The Woman Who Cracked the Anxiety Code: The extraordinary life of Dr Claire Weekes
Scribe, $39.99 pb, 416 pp
The Woman Who Cracked the Anxiety Code: The extraordinary life of Dr Claire Weekes by Judith Hoare
On Boxing Day 1962, The Australian Women’s Weekly opened with a two-page spread on a new publication, Self Help for Your Nerves, by Sydney physician Dr Claire Weekes. Her four precepts for people suffering from ‘nerves’ appeared in huge, bold type: facing, accepting, floating, and letting time pass. Positive reviews followed, including one by Max Harris in ABR’s December 1962 issue. Wary of the ‘help yourself psychiatry’ genre, Harris was quickly persuaded by its ‘particular excellence’. The book went on to become a bestseller in the US and UK markets, and Weekes followed it up with four more.
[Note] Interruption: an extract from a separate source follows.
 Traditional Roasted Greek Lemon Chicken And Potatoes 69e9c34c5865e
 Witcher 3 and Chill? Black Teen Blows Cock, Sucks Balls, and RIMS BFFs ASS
It is clear from the response to Weekes’s books that anxiety, in its various manifestations, was already a common complaint in the 1960s. The key word was ‘nerves’: people had a nervous disorder, or a nervous breakdown. Most of the terms we use for types of anxiety – post-traumatic stress disorder, agoraphobia, claustrophobia, obsessive-compulsive disorder – were not in common use then, or not yet coined. Treatments offered by psychiatrists ranged from Freudian psychoanalysis to exposure therapy, with an increasing reliance on drugs. Weekes advocated a different, biological approach, which anticipated by decades the Acceptance and Commitment Therapy (ACT) developed by Professor Steven C. Hayes from the University of Nevada. The patient was encouraged to take charge of her own body, fully experiencing the panic and passing through to the other side.